As noted above, the individual FEC is represented by a bit in
the Select Register and and by a bit in the Data Available Register.
In the normal course of events one and only
one bit in the Select Register is true - this is the board that the
DAQ program is presently interrogating or expects to interrogate soon
or, possibly, just the most recent board looked at. However, as any
board with data ready to send to the DAQ
will
set its bit in the Data Available register there may be any number of
bits set - from none to 18 (16 FEC + 1 Trigger (were it ever to have any
data) + 1 Translator). Bit 31 of the Data Available register is an
or of the bottom 18 bits so that a simple test for negative number
can determine if there is any data in a given crate. The Select,
Data Available, and
Data Available Mask
Registers are arranged as follows:
Select and Data Available Mask are Read/Write registers while Data Available is Read Only (the actual Data Available bits come directly from each FEC over dedicated point to point backplane lines.

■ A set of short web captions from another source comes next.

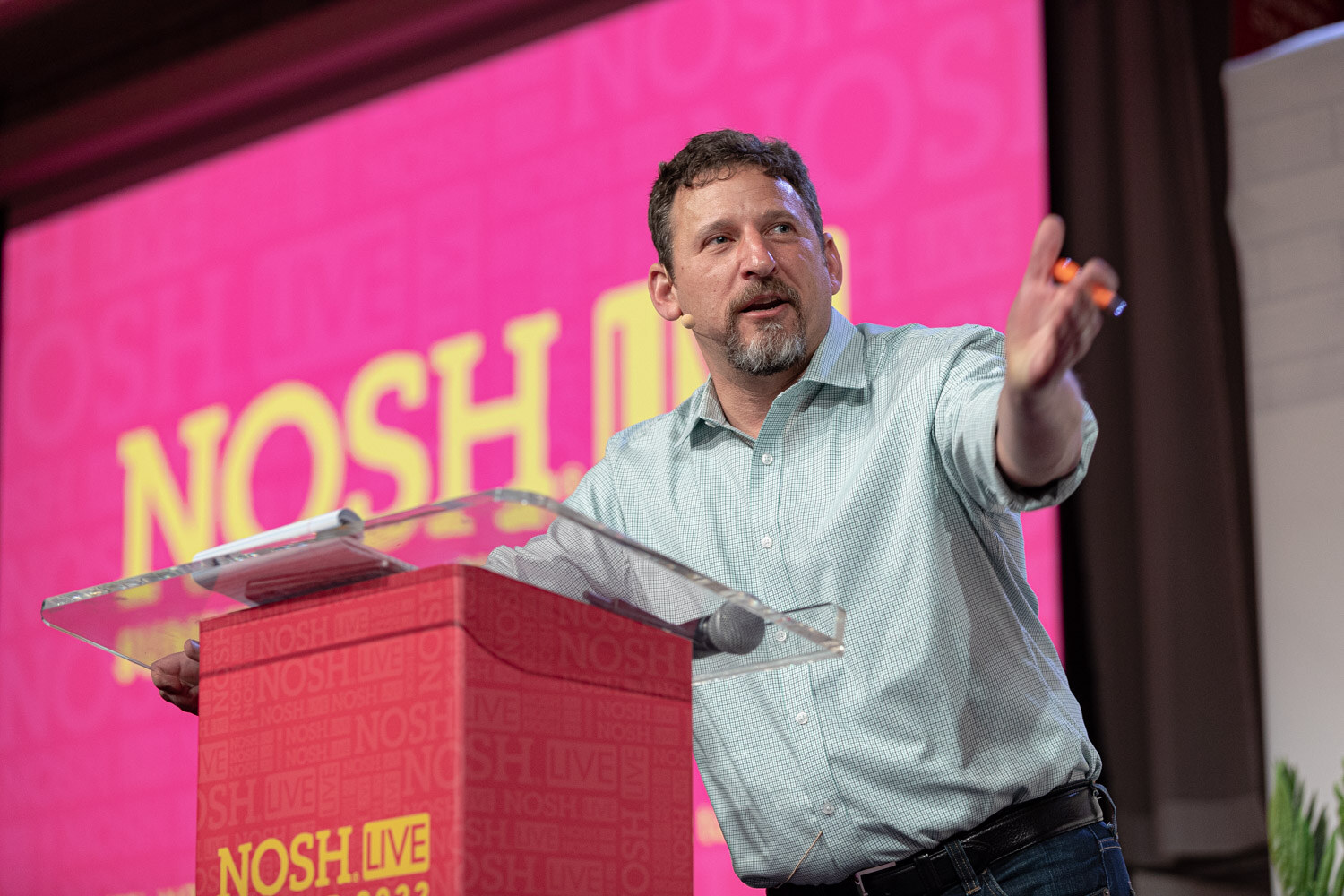 Man with a gray beard in a pale green shirt leaning over a clear podium, one arm outstretched, a pink Nosh Live screen behind him.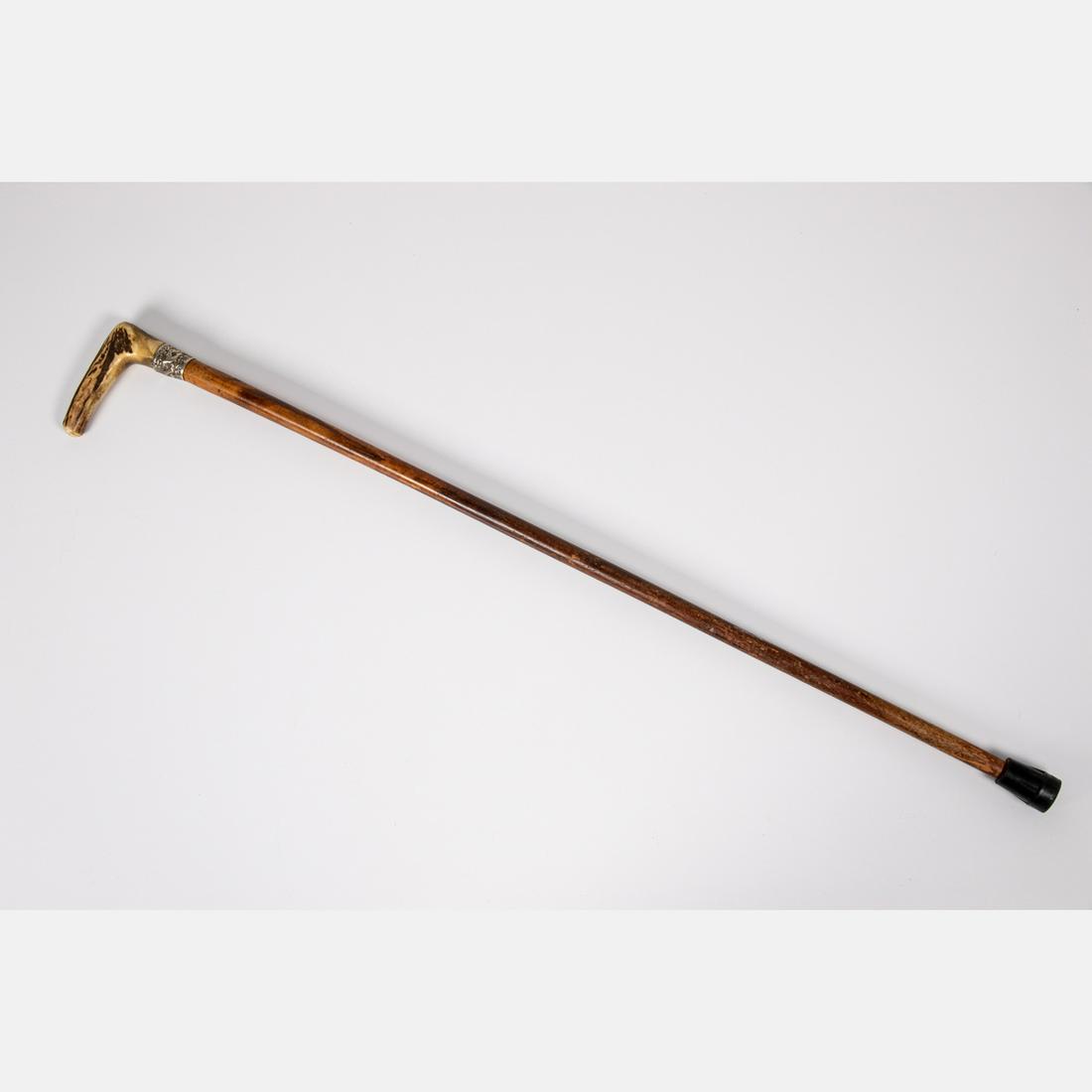 An Antler and Hardwood Walking Stick, 19th Century,: An Antler and Hardwood Walking Stick, 19th Century, Having a silverplated embossed collar. L: 35 1/4 in.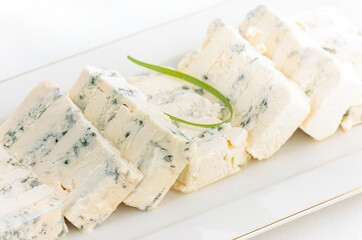 Several wedges of blue cheese are neatly arranged on a white platter, accented with a sprig of green herb. The creamy texture and striking blue veins are apparent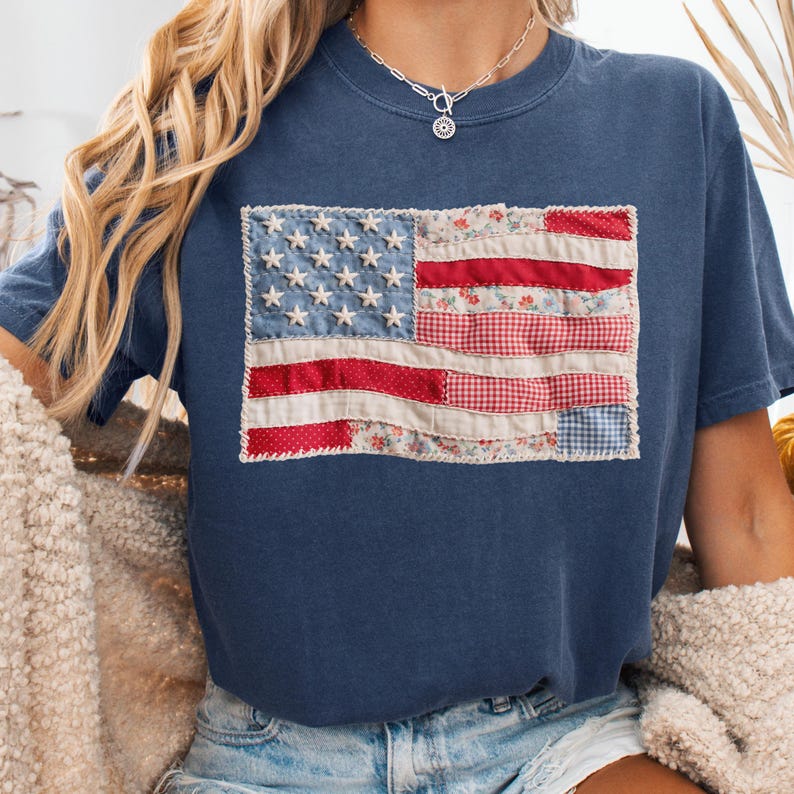 K&ouml;nnte beinhalten: Marineblaues T-Shirt mit einem Patchwork-Design der amerikanischen Flagge. Die Flagge verwendet rote, wei&szlig;e und blaue Stoffe mit Blumen- und Vichy-Mustern. Das T-Shirt hat einen Rundhalsausschnitt und kurze &Auml;rmel.
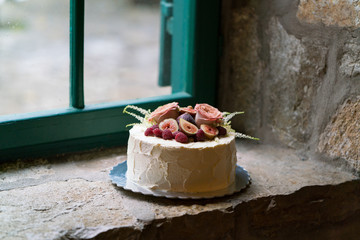 Homemade wedding cake decorated with flowers and fruits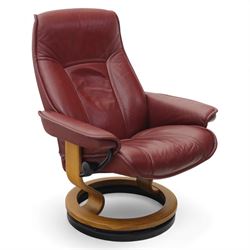 Ekornes - 'Stressless' maroon leather reclining swivel armchair, with high padded back and...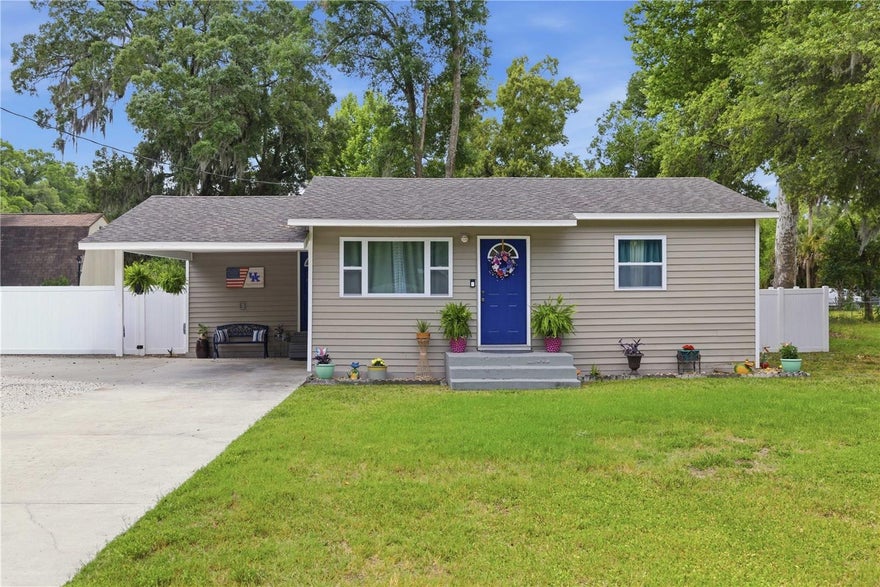 Not interested in new construction, but want the peace of mind of like-new systems? Welcome to 1512 NE 37th St, where nearly every major component of the home has already been updated for you. Major improvements completed in 2021 include the roof, HVAC, water heater, vinyl siding, septic tank and drain field, windows with marble sills, interior and exterior doors, plumbing, and electrical updates. The well was also replaced in 2020.

Inside, the kitchen and bathroom have been fully remodeled, and gorgeous cherry hardwood floors run throughout both the main home and finished outbuilding. Thoughtfully designed to maximize every inch, this home feels cozy, functional, and surprisingly spacious. The versatile flex space is large enough to accommodate a king-sized bed for guests, office space, or hobbies.

The kitchen offers comfortable prep and cooking space, and the movable island conveys for added flexibility. Washer and dryer also convey, making this truly move-in ready.

Step outside to enjoy the expansive yard complete with a spa, covered patio, extended driveway, and covered grilling area (grill does not convey). Electrical outlets were also added to the patio for convenience and entertaining.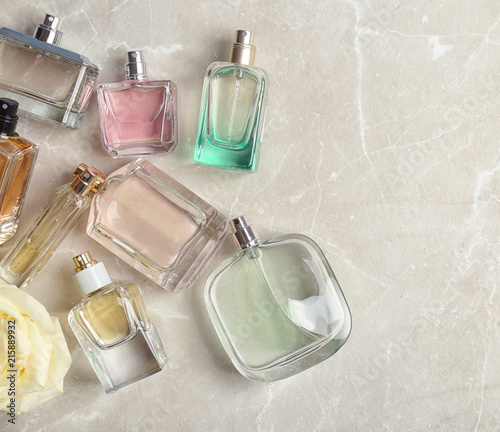 Perfume bottles on light background, flat lay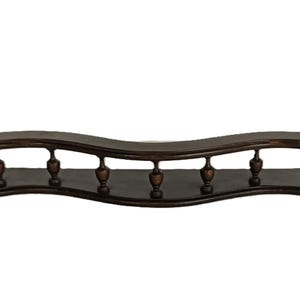 May include: A dark brown, wooden shelf with a wavy design. The shelf has a lower level and an upper level with decorative balusters. The shelf is approximately 36 inches long.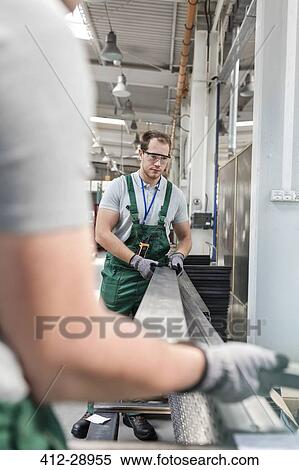 Workers lifting metal parts in factory View Large Photo Image Stock Photography - Workers lifting metal parts in factory. Fotosearch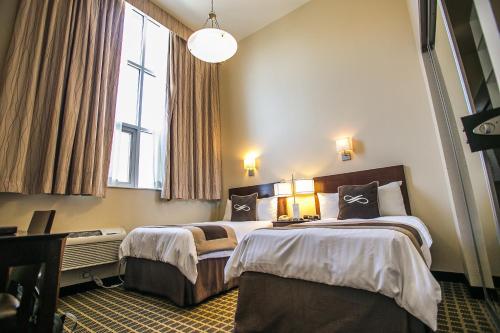 Habitación Doble Estándar - 2 camas del hotel Pointe Plaza. Foto 1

For a normal data transfer, the sequence of operations would be roughly as shown in Figure 5. The bus master could poll an entire crate by reading that crate's Data Available Register and looking for a negative number. Only if the or were true would the master decode the one or more set Data Available bits and then select the board (or, in sequence, the boards) with Data Available set for reading. As shown in detail in the FEC register description note, the master can determine the number of available words of data by one additional read followed by multiple reads of the memory to clear the Data Available condition.